Exercise aim => For the entries below, copy exactly the line that contains "Used Wuling Rongguang" through the line that contains "914 S 30TH Drive photo 2", both ends included, and exclude all pictures.

Dataset records =>
====================
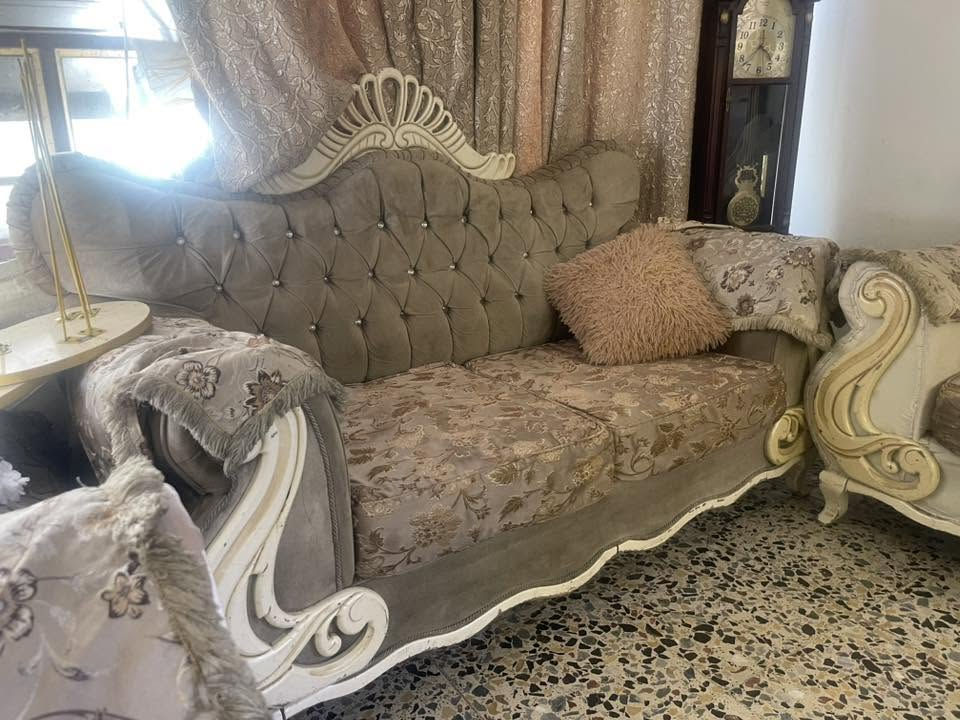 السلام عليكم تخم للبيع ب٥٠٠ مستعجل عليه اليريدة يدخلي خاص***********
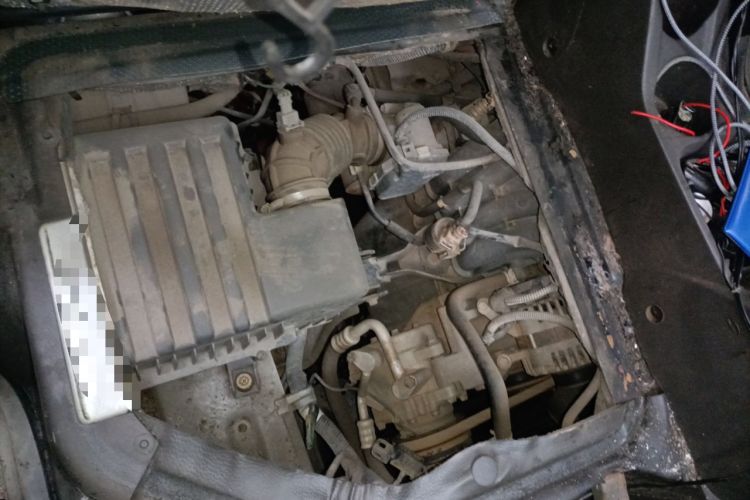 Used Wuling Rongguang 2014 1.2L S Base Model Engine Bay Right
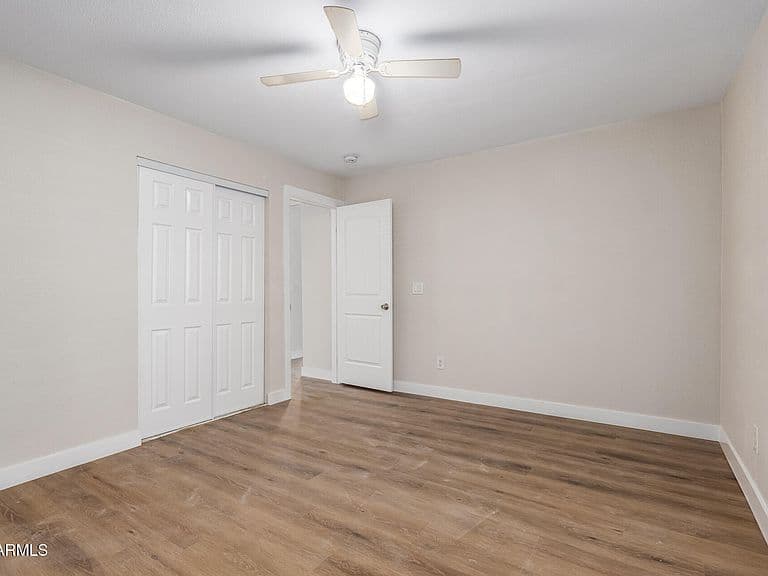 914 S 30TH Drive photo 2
====================
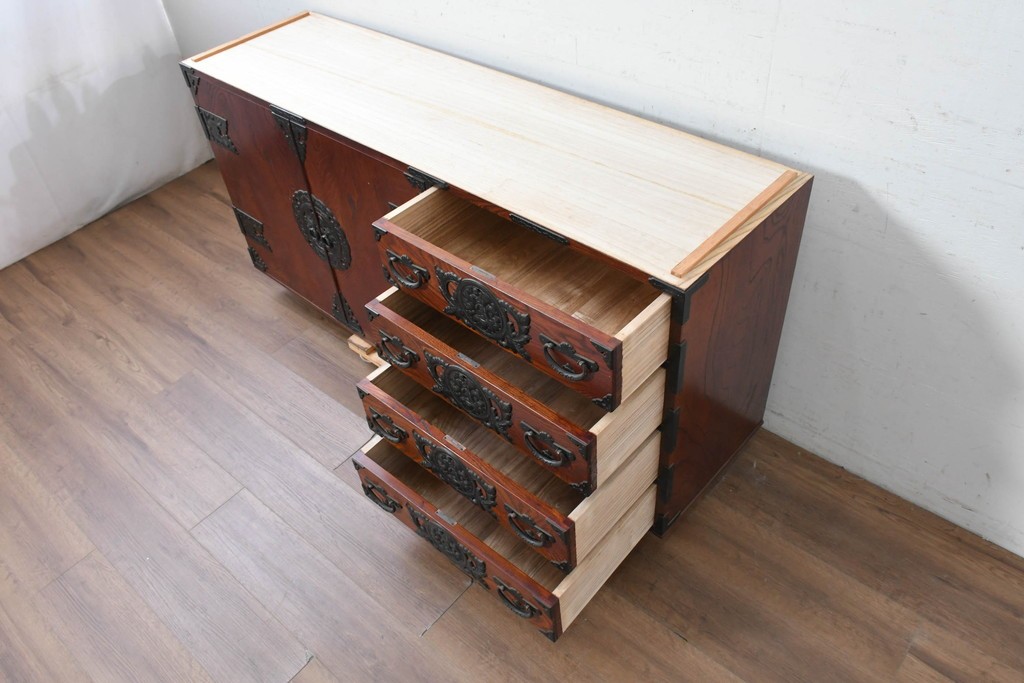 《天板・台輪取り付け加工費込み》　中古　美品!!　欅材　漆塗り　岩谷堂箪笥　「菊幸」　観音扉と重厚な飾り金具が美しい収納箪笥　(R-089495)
====================
Response =>
 Used Wuling Rongguang 2014 1.2L S Base Model Engine Bay Right
 914 S 30TH Drive photo 2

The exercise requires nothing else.